### MATERIAL PROVIDED
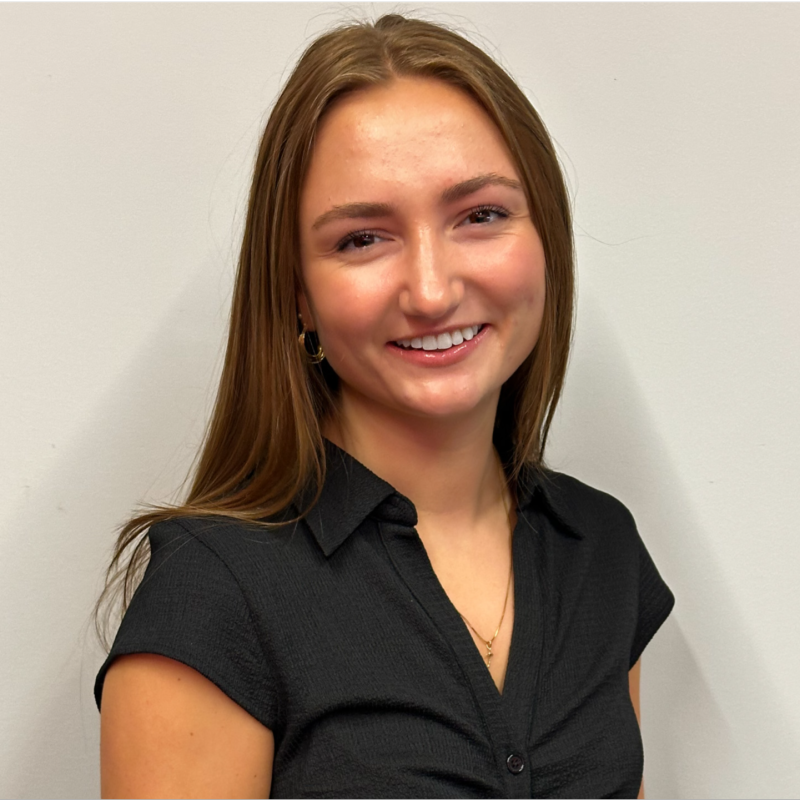 Ava Johnson - Biological Engineering + Biosystems Engineering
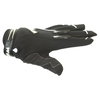 Wulfsport Cub Kids MX Black Gloves Thumb side                                                                                                                                                                                                                  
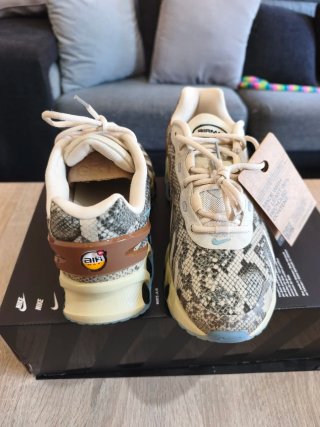 Nike Air Max DN8 PRM Beige/Gris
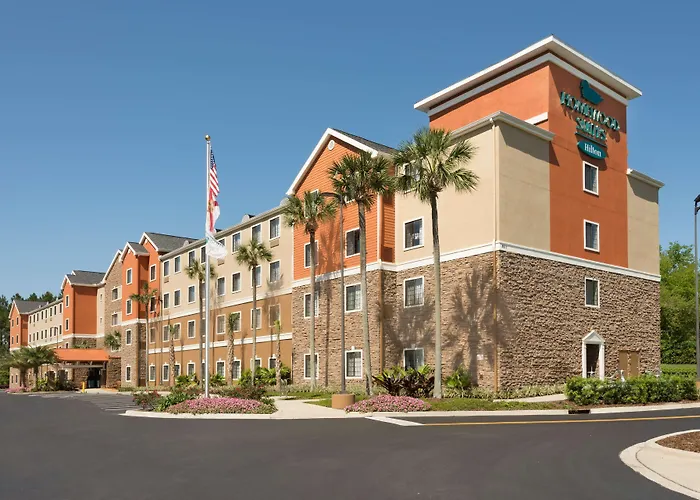Homewood Suites Jacksonville Deerwood Park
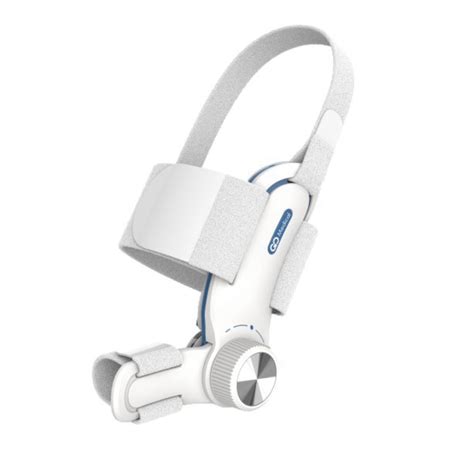 Go Medical Hallux Valgus Big Toe Corrector | Luxury Night Splint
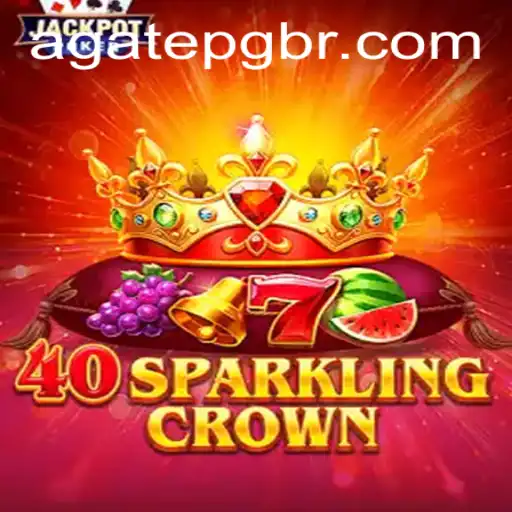 Exploring 40SparklingCrown: An Engaging Adventure with AgatePG
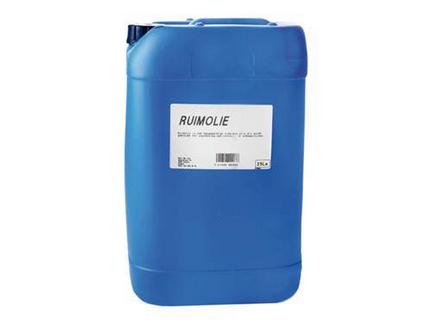 Spindelolie/ruimspuitolie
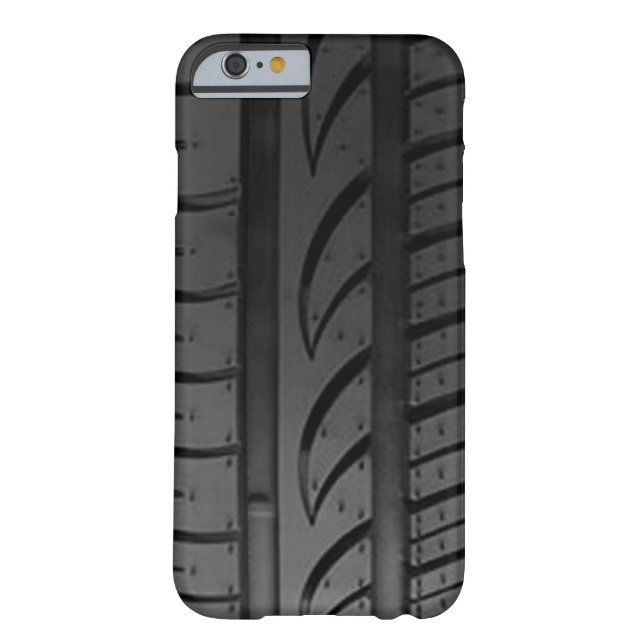 Coques Case-Mate iPhone Bande de roulement de pneu (Dos)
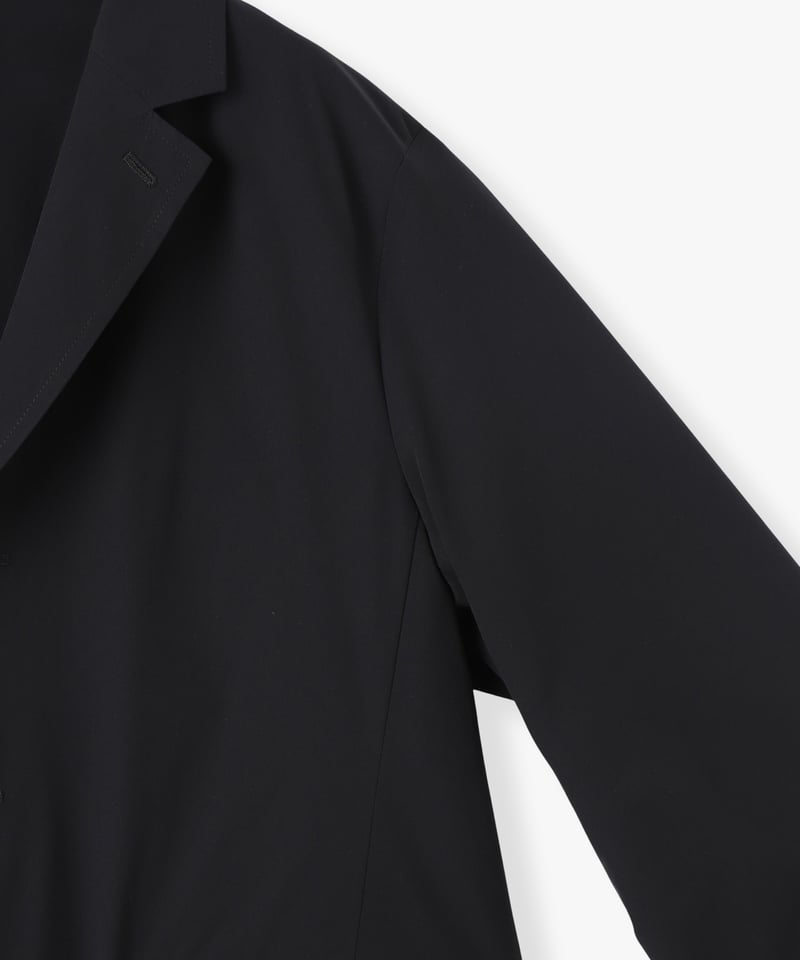 OBSIDIAN ゴルフ 4WAY STRETCH TAFFETA JACKET オブシディアン】4WAY STRETCH TAFFETA JACKET – GQ SHOP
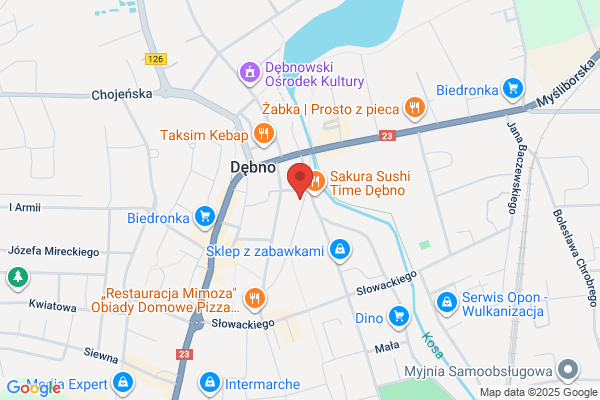 PPHU "Planeta Zoo" Katarzyna Król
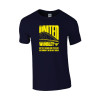 All United Play Off Final Tee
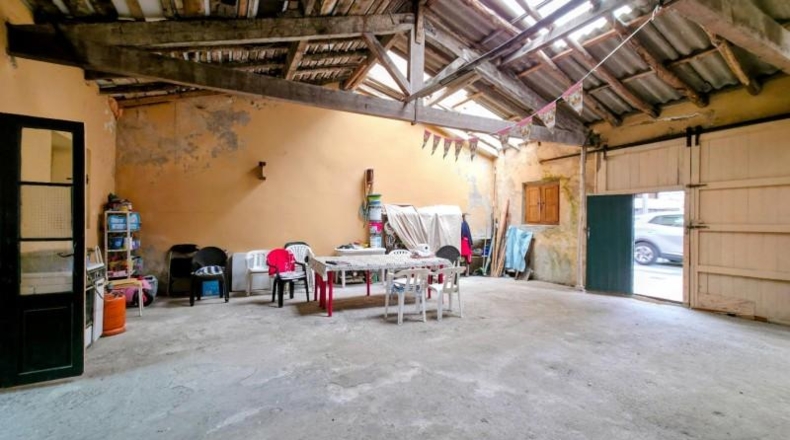 Cantabria - Colindres - 1000m2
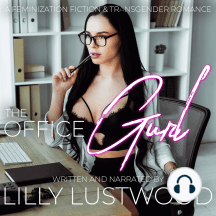 The Office Gurl: A Feminization Fiction and Transgender Romance by ...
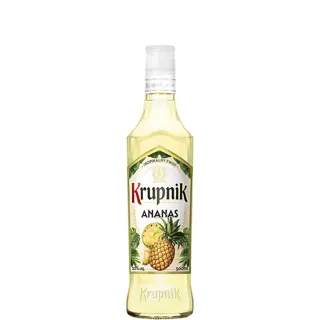 LIKER ANANAS 21% KRUPNIK 500ML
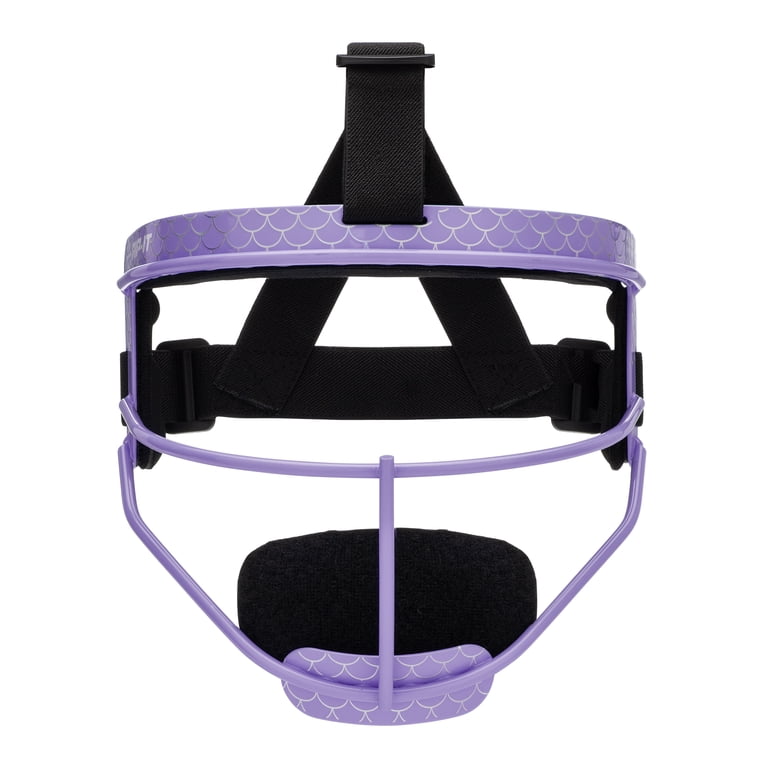 RIP-IT Play Ball Softball Fielder's Mask - Walmart.com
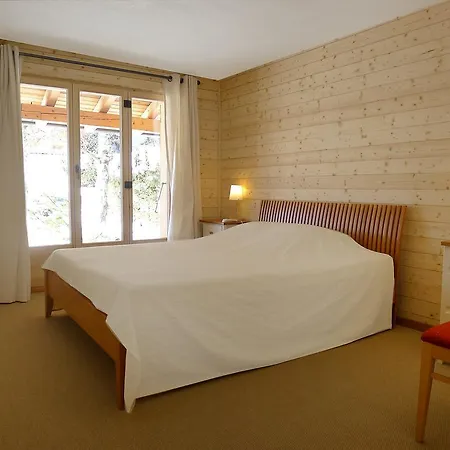 Apartamento Triolet *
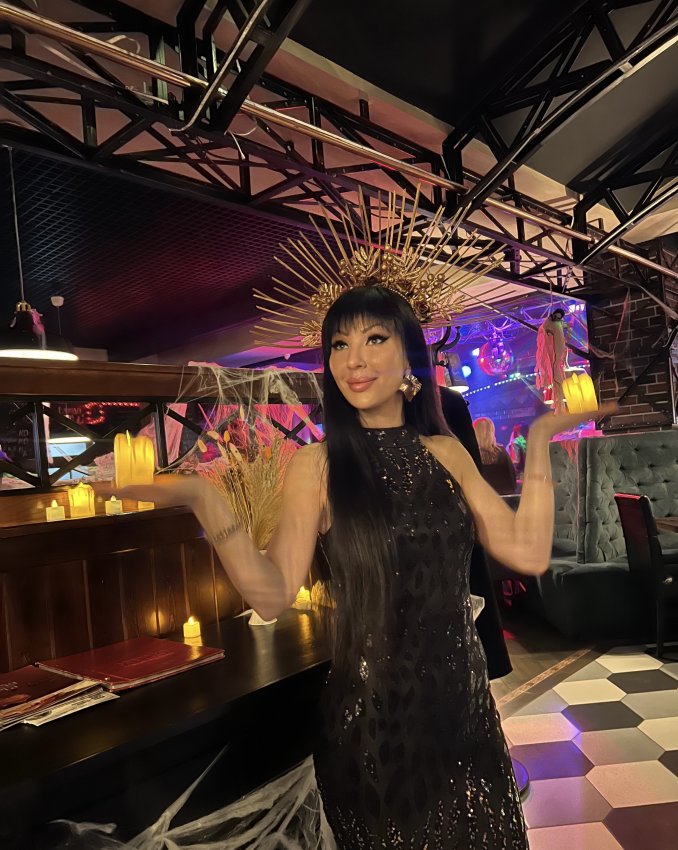 Тематическая вечеринка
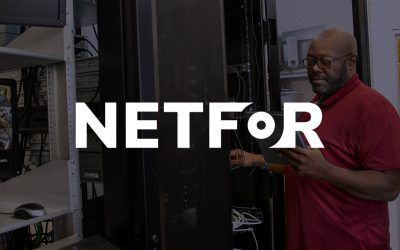 How Netfor Sources, Vets, and Trains It’s Active Field Service Technicians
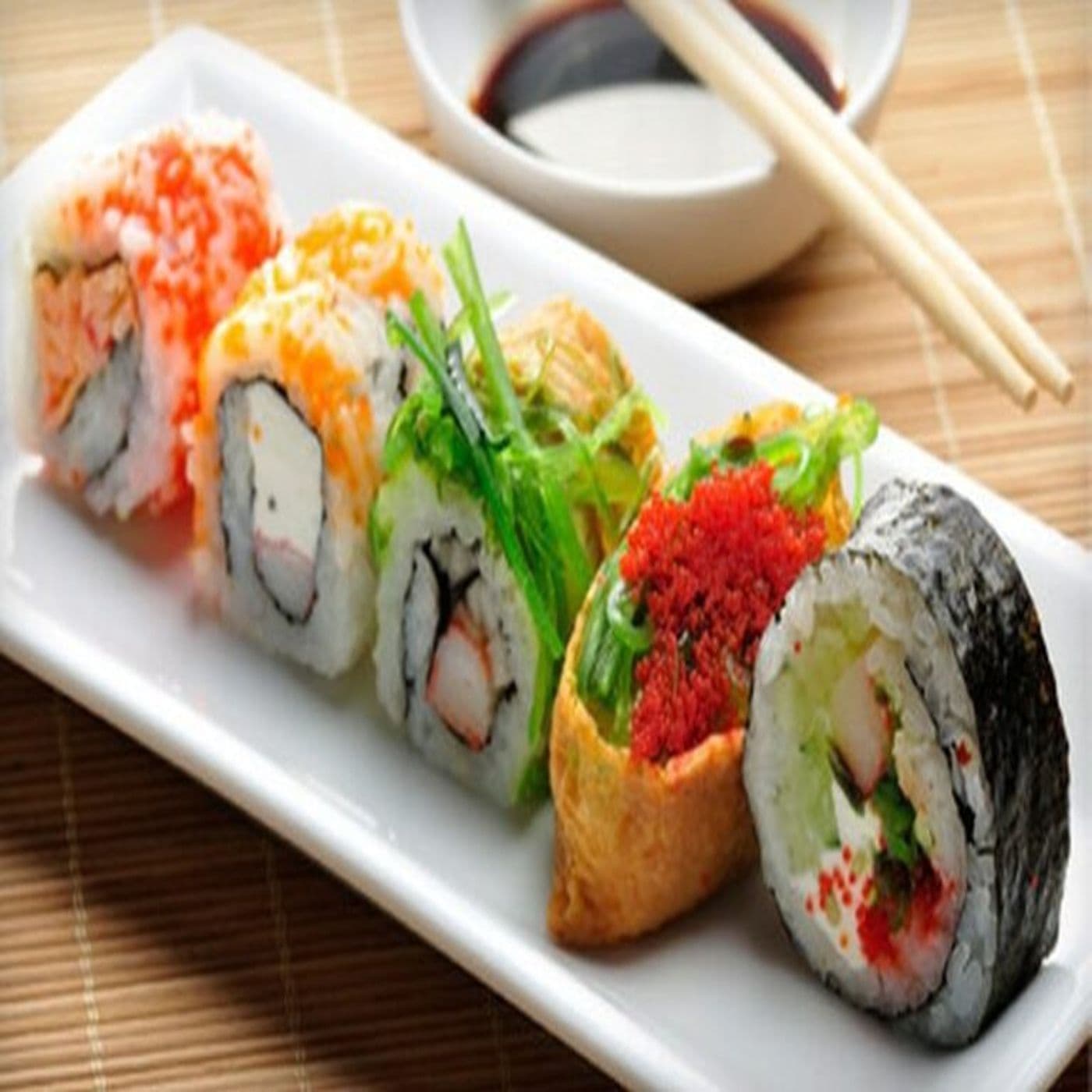 Osaka Sushi Bar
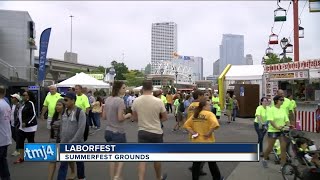 Laborfest 2017 celebrates local unions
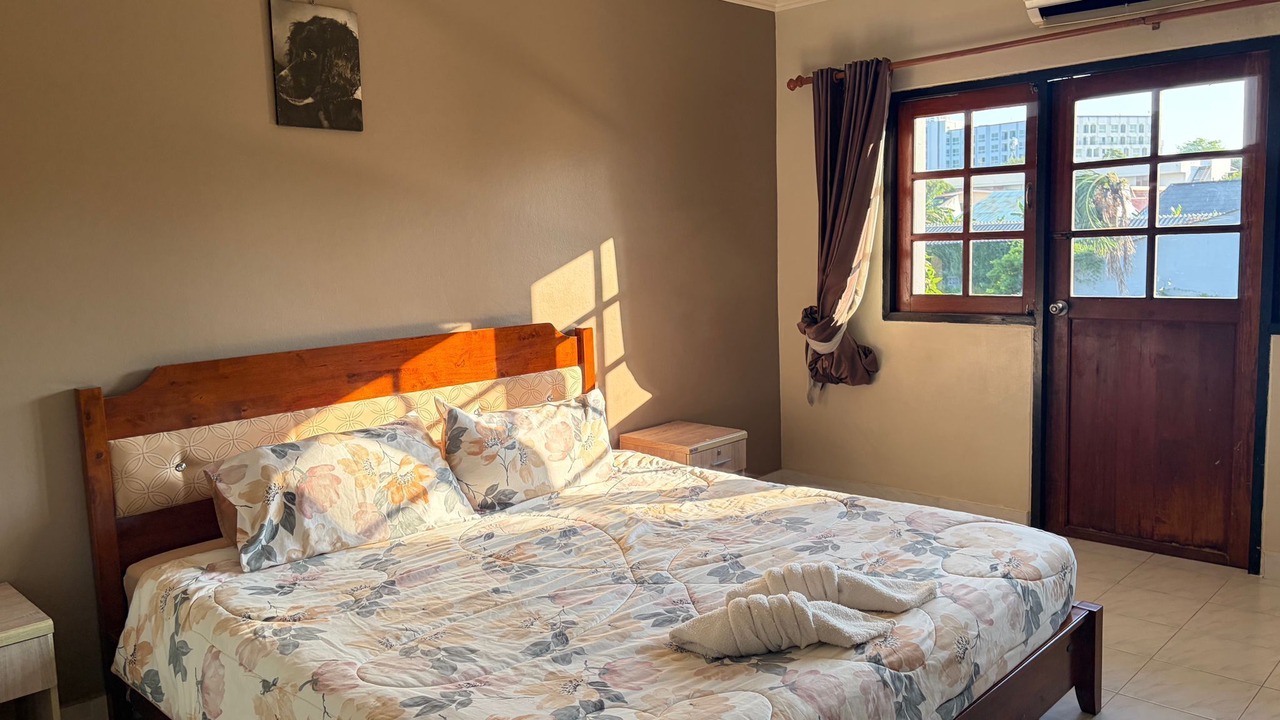 Photo of Bedroom in North Pattaya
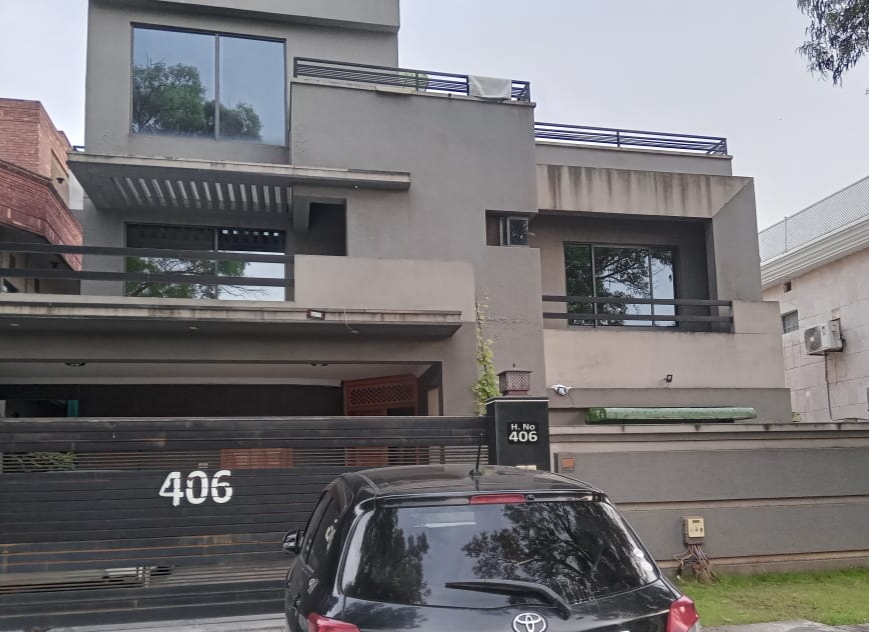 Imperial Lodges Family Guest House in Islamabad - coed hostel in Islamabad, Capital Territory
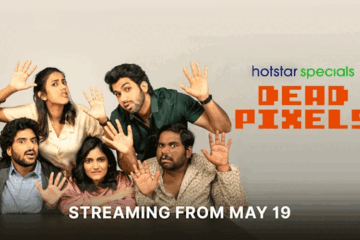 “Dead Pixels: A Telugu Web Series Review”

### WHAT IS NEEDED
Pictures do not belong in the copy; repeat the rest of the listing exactly.

### WRITTEN ANSWER
 Ava Johnson - Biological Engineering + Biosystems Engineering
 Wulfsport Cub Kids MX Black Gloves Thumb side                                                                                                                                                                                                                  
 Nike Air Max DN8 PRM Beige/Gris
Homewood Suites Jacksonville Deerwood Park
 Go Medical Hallux Valgus Big Toe Corrector | Luxury Night Splint
 Exploring 40SparklingCrown: An Engaging Adventure with AgatePG
 Spindelolie/ruimspuitolie
 Coques Case-Mate iPhone Bande de roulement de pneu (Dos)
 OBSIDIAN ゴルフ 4WAY STRETCH TAFFETA JACKET オブシディアン】4WAY STRETCH TAFFETA JACKET – GQ SHOP
 PPHU "Planeta Zoo" Katarzyna Król
 All United Play Off Final Tee
 Cantabria - Colindres - 1000m2
 The Office Gurl: A Feminization Fiction and Transgender Romance by ...
 LIKER ANANAS 21% KRUPNIK 500ML
 RIP-IT Play Ball Softball Fielder's Mask - Walmart.com
 Apartamento Triolet *
 Тематическая вечеринка
 How Netfor Sources, Vets, and Trains It’s Active Field Service Technicians
 Osaka Sushi Bar
 Laborfest 2017 celebrates local unions
 Photo of Bedroom in North Pattaya
 Imperial Lodges Family Guest House in Islamabad - coed hostel in Islamabad, Capital Territory
 “Dead Pixels: A Telugu Web Series Review”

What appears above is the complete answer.